Willing to offer F-35 to India if US govt approves: Lockheed
After India rejected its F-16 jets, US defence major Lockheed Martin today said it is willing to offer the latest F-35 stealth fighter planes if the US government approves it.world Updated: Jun 21, 2011 20:13 IST
After India rejected its F-16 jets, US defence major Lockheed Martin on Monday said it is willing to offer the latest F-35 stealth fighter planes if the US government approves it.
"The decision has to be taken by the (US) government. There has not been any discussion between us and the Indian Government," Lockheed's Martin Director of Communications of F-35 Michael J Rein said, saying his firm is willing to rejoin the bid for the $11 billion fighter jet deal for procurement of 126 Medium-Multi Role Combat Aircraft.
The Indian Government had rejected Lockheed's offer of F-16 along with another US firm Boeing's offer of F/A-18 Super Hornet from the race for procurement of the jets.
Rein said the offer of F-35 stealth fighter to India has been mentioned in a draft Senate Bill and it was up to the US Government to take it forward.
The proposal to allow sale of F-35 stealth fighter has brightened the prospects of Lockheed Martin returning to the race for the deal, a top official of an Aerospace firm attending the Paris Air Show said.
Both Boeing and Lockheed Martin had been aggressively biding for the anticipated $11 billion deal.
Rein, who is here to as part of Lockheed Martin’s delegation to Paris Air Show, was replying to a question on reports that the US defence major will offer its F-35 jets to India to rejoin the race for the MMRCA contract, billed as one of the largest in recent times world-wide.
Lockheed Martin had offered the F16IN Super Viper to India which was rejected by the Indian government along with Boeing's F-18 Super Horne and Russian MiG.

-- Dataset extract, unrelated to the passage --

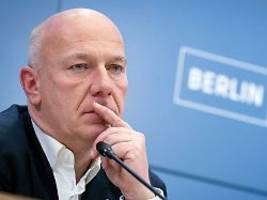 Um den Kopf freizukriegen: Berliner Bürgermeister Wegner spielte Tennis während Stromausfalls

India has shortlisted two European contenders, French Dassault Rafale and European Eurofighter for procuring 126 Medium-Multirole Combat Aircraft (M-MRCA) deal for the Indian Air Force (IAF) in April.
However, another executive, not wished to be named, said it would be difficult for Lockheed Martin to rejoin the competition as Indian government has already completed the shortlisting exercise.